Genauso kraftvoll, wie ich mir Gebären im Stall vorstelle: Provisorisch wird da ein sicherer Ort geschaffen, der dann aus dem Nichts heraus für Jahrtausende der Inbegriff von Geburt ist – vom Menschsein Gottes.
Kein Hexenwerk
Dieser Gottesdienst im Treppenhaus ist kein Hexenwerk, und Theologie muss man dafür auch nicht studiert haben. Ein Priester in meinem Umfeld sagte mal, ein Gebet sei eine ziemlich einfache Geschichte: „Hallo, Bitte, Danke, Tschüss.“ Was er damit sagen wollte: Sie können einfach losbeten, und Sie können bei Bedarf auch zu Hause einen Gottesdienst feiern – er muss nicht perfekt sein.
Was hat das mit uns zu tun?
Im Treppenhaus wird es in etwa so: Ich begrüße die Menschen, ich begrüße Gott. Wir singen „Stille Nacht“. Jemand liest aus der Bibel vor oder erzählt die Weihnachtsgeschichte nach. Und dann kommt der wichtigste Teil: Die Frage, was das mit uns zu tun hat. Vielleicht erzählen wir uns von den eigenen Geburtserfahrungen – von der Urgewalt, dem Gefühl des Wunders, wenn es geschafft ist. Möglicherweise beschreiben wir uns, was für Wunder wir dieses Jahr erlebt haben, und wovor wir Angst hatten. Oder wir sitzen einfach still da und starren in die Kerzen, einen Strohhalm zwischen den Fingern.
Bitten beleuchten
Mein Mann spielt Klavier, vielleicht einen Klassiker wie „Da ist ein Ros’ entsprungen“.
Und dann bitten wir Gott um das, was sich in der Welt verändern soll, wir bitten für die, an die wir denken und für die, an die niemand mehr denkt. Alle Nachbarn haben für ihre Bitten kleine Teelichter – so werden auch unausgesprochene Dinge beleuchtet.

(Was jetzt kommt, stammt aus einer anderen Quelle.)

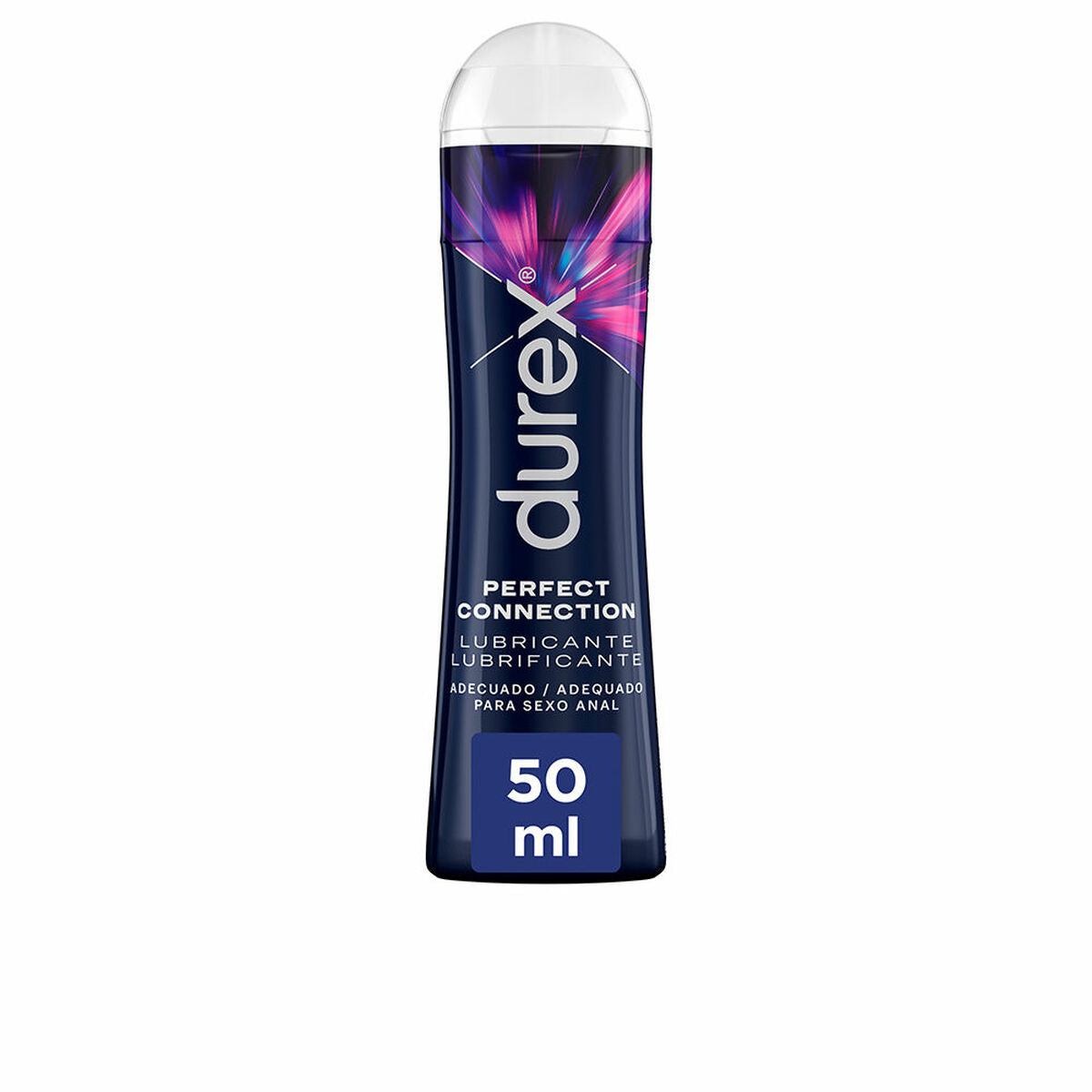Lubrifiant Durex Perfect Connection (50 ml) – Formule Silicone Spéciale intimitée Anal - Bien-être intime - Espace-Love.ch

Wir beten ein Vaterunser, das können die meisten noch auswendig. Dann wünschen wir uns den Frieden – an einem langen Kletterseil fassen alle an, auf Abstand berührt und verbunden.
Schließlich ist da der Dank. Vielleicht hat jemand dafür die perfekten Worte. Vielleicht ist es auch einfach sehr still, weil alle ganz bei sich sind. Tschüss sage ich mit einem Segen, dem guten Wunsch, dass Gott mehr Wunder als Angst in das eigene Leben bringen soll, dass wir uns von ihm umgeben fühlen können. Nun ist es Zeit für „Oh du Fröhliche“ – für das schief gesungene, getragene und perfekte Weihnachtslied schlechthin.
Die Nachbarn und wir – vielleicht trinken wir dann noch etwas im Treppenhaus und essen Schokolade. Vielleicht geht auch jeder zurück in die eigene Wohnung.